How is a vehicle complied / what is being looked at / why? (Stripping interior, underbody inspection, etc)

Once a vehicle is presented for entry certification a vehicle inspector authorised by NZTA will oversee documentation relating to the vehicle including the original Japanese export certificate, shipping documentation, ownership and identification.

When this is completed the rest of the vehicle details will be entered into the NZTA database. JDM cars from japan use their chassis numbers as a VIN number. However in New Zealand the car will be given a 17 digit VIN this will be fitted on a small plate. In either the engine bay or on the inside edge of the door wells.

The interior of the vehicles is then disassembled to allow the inspector to check the seat and seat belt anchorages as well as interior structure. While doing this the inspector is looking for evidence of rust or previous repairs to the car. (there is a ZERO rust tolerance)

The car is the reassembled at lifted on a hoist. The wheels, brakes and under panels removed. The inspector then measures all friction material of the braking system while conducting an extremely thorough underbody inspection. When that has been completed, the car continues onto a warrant of fitness inspection.

What are the most common things needing to be fixed for compliance? (Snow tyres, rust, structural damage, etc)

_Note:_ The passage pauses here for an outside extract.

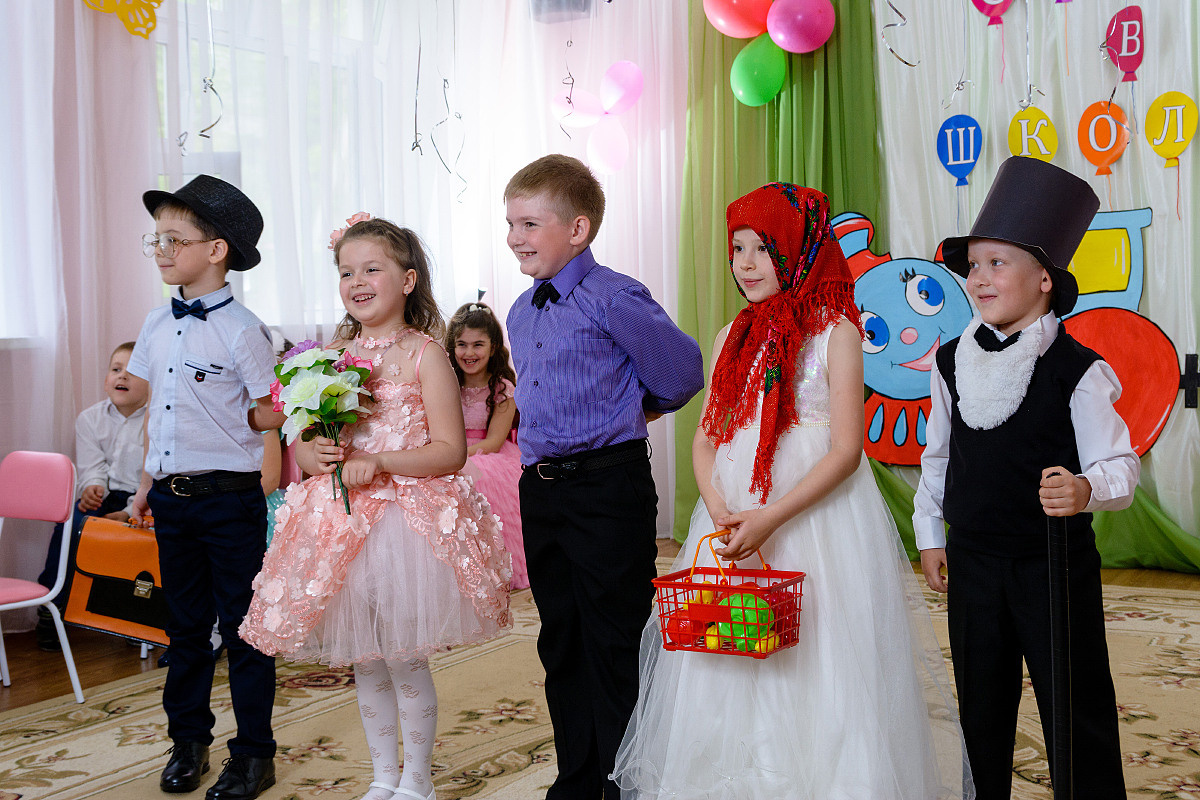 Утренники и выпускные. Выпускные альбомы детского сада в Казани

There are a surprising amount of common problems with vehicles from Japan, however most of the problems can be contributed to the environment the car has come from. For example If the vehicle is fitted with snow tyres, the car will more likely than not, be from the northern region of japan. This is where the road can get icey. Because of this the japanese transport department add salt to the roads, therefore the road users get better traction. However the salt on the road will cause most cars to acquire a large amount of rust throughout the underbody of the car.

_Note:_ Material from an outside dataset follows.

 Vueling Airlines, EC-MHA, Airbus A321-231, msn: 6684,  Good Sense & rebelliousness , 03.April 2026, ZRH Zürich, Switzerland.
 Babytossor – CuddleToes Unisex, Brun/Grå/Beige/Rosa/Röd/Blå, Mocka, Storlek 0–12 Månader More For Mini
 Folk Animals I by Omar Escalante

Also, due to the lack of general maintenance in japan, most of the vehicles consumable items such tyres, brake and small suspension components will need to be replaced during the compliance process.

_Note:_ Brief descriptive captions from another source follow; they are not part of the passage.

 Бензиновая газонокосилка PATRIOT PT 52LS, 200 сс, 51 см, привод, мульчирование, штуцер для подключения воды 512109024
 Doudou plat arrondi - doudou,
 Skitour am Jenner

If my car is heavily modified, what happens here? (Certification, removal of illegal modifications, etc)

Modified cars from japan are extremely common due to the street culture and relaxed rules on modified cars. When the car has completed the compliance inspection, the car will be failed to the vehicle being modified in a manner that requires a LVV certification such as fitted with an aftermarket set of adjustable coilover suspension. The owner will then have 28 days to have the modification certified along with an appropriate LVV plate fitted to the car. the n just as you would for a warrant of fitness, the can be rechecked and passed.